Catching up on my RSS feed and Andreas latest post strikes loud with me after my week in Barcelona.
On Tuesday I took part in a roundtable discussion on Fixed Mobile Conversion. The point I was hoping to make in my presentation was that it is not the network on which you make the call that is converging, it is the place in which you make it that is. Most of us use our mobile phones along a defined route, at home, on the way to work, at work, in our local pub/club etc. over 90% of the calls we make are in a place that we know rather than somewhere new. So whilst most people call the mobile first it is not because they do not know where we are.
That being so how can an Operator maximise there take on the defined spend on Mobile? I argue that it is the quality of the voice call rather than the content of a call that limits its duration. How many times do we still say "I will have to call you back because the line is bad"?
Before we get caried away with Data on our phone here are a few facts that should mean that the focus is on Voice:
1/ Mobile voice
- worth over $1 trillion globally today
- volume equal (roughly) to fixed voice
- by 2015, mobile voice will likely be 2x greater than fixed voice
- 8-9 trillion mobile voice minutes per annum (2015)

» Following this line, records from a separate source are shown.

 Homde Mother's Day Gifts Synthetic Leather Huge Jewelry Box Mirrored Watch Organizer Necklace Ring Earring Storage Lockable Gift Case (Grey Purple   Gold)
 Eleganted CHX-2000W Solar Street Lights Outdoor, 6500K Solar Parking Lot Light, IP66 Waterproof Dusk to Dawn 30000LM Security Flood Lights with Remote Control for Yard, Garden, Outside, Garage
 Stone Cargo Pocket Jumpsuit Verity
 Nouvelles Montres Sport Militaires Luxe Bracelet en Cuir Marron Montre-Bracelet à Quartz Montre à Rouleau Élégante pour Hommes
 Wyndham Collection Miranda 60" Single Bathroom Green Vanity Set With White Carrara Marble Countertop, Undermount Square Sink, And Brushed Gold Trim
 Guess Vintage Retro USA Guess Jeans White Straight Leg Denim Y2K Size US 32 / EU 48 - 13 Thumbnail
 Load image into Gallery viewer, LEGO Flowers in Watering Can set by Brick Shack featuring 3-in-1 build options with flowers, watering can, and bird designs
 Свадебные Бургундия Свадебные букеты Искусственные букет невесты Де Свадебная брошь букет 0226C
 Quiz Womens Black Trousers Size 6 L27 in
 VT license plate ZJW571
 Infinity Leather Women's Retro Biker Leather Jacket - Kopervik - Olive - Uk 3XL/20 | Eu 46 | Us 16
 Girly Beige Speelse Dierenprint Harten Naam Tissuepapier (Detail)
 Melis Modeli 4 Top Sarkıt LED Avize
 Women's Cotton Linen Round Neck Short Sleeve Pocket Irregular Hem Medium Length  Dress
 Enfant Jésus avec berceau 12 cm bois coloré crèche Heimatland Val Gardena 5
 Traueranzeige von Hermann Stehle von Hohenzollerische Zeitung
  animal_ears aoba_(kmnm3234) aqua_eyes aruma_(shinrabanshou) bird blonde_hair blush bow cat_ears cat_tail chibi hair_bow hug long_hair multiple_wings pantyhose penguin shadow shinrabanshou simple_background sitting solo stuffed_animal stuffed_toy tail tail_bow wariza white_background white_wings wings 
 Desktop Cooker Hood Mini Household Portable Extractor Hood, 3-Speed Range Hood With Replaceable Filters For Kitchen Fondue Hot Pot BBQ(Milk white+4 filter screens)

- VoIP a small percentage (10-15%) of total volume, and probably less than 5% of total value
- massive growth potential - but not focused on by operators
- not a single EVP for Voice anywhere in European industry
- value being lost due to lack of strategic focus and minimal investment
- also value erosion through over-use of bundles
- termination cuts have had an impact (operators could be more proactive and take the surprise out of term rate cuts)
- LRIAC termination rate is a known quantity - and all operators can plan tariffs around it
- Elasticity exists - but operators own actions damping its potential
- tele.ring strategy versus T-Mobile Austria
2/ Mobile data
- at least 95% of mobile data revenues come from SMS
- interestingly, global SMS business is worth 3x the total, global music industry (including CD sales, DVDs, licensing, publishing, etc)
- yet operators think music downloads will transform their businesses!
- getting the basics right is still a valid objective - email, instant messaging, photo messaging, internet access/browsing, presence, location-sensitive search)
- not a single operator has managed to address these areas successfully yet (though cite Vodafone Spain with Real Mail as example of progress)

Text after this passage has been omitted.